Бабочка в ладони - страница 2



Как это ни парадоксально, но в Церкви желание славы имеет положительное определение. Христианство утверждает, что Бог сотворил человека как владыку всего материального мира, как единственное в мироздании существо, объединявшее в себе телесное и духовное начало. Он стал венцом творения, его украшением и следовательно – пребывал в великой славе до тех самых пор, пока в грехопадении не утратил этого величия. Отпав от своего Создателя, человек оказался всего лишь частью мира, над которым он изначально был призван царствовать. Грех исказил природу человека, лишил людей той славы, которую они получили от Бога при сотворении, но именно такое бесславное его состояние Церковь и считает противоестественным. Поэтому жажда славы и стремление к ее восстановлению отнюдь не считается в христианстве чем-то противоречащим человеческой природе.

Напротив, Священное Писание прямо говорит, что именно слава будет итогом праведной жизни христианина: нынешние временные страдания ничего не стоят в сравнении с тою славою, которая откроется в нас (Рим 8:18); …я, сопастырь и свидетель страданий Христовых и соучастник в славе, которая должна открыться (1 Пет 5:1).

Но почему же, призывая людей к славе, Церковь так категорично осуждает тщеславие? Ответ прост и без труда прочитывается в самом слове: тщеславие – это тщетное стремление к ложной цели, напрасный поиск истинной славы там, где ее нет и быть не может.

Очень странные люди

Христианская аскетика рассматривает тщеславие как страсть, или, иначе говоря, как свойство человеческой природы, которое оказалось изуродовано грехом до неузнаваемости и превратилось в собственную противоположность. Вот как объясняет происхождение страстей преподобный Иоанн Лествичник:

«Бог не есть ни виновник, ни творец зла. Посему заблуждаются те, которые говорят, что некоторые из страстей естественны душе; они не разумеют того, что мы сами природные свойства к добру превратили в страсти. По естеству, например, мы имеем семя для чадородия; а мы употребляем оное на беззаконное сладострастие. По естеству есть в нас и гнев, на древнего оного змия; а мы употребляем оный против ближнего. Нам дана ревность для того, чтобы мы ревновали добродетелям; а мы ревнуем порокам. От естества есть в душе желание славы, но только – горней».
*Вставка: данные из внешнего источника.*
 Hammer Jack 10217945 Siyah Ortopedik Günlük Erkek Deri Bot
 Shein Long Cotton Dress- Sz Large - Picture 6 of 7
Желание человека стать лучше, чем он есть сейчас, жажда совершенства, стремление к добру – все это нормальные и здоровые движения нашей души. Но так же закономерно для человека и ожидание оценки своих трудов, надежда на то, что эта оценка будет положительной. Весь вопрос лишь в том, от кого мы ждем этой оценки и чьим мнением о нас мы так дорожим? Вот здесь и проходит разделительная черта между возрастанием в добродетели и страстью.

Естественная жажда славы превращается в тщеславие там, где люди по слову Писания возлюбили больше славу человеческую, нежели славу Божию (Ин 12:43). При этом человек совсем не обязательно добивается от окружающих только похвалы. Нет, он может стремиться и к тому, чтобы его боялись, ненавидели или даже смеялись над ним.

Тщеславного пугает лишь одна перспектива – остаться незамеченным, затеряться в толпе и не получить очередной порции той самой человеческой славы, которая стала главным смыслом его существования. Но сами люди, мнением которых он так дорожит, ему малоинтересны. По большому счету он ценит окружающих лишь в качестве «благодарных зрителей» и не испытывает к ним любви, не стремится послужить им своими талантами.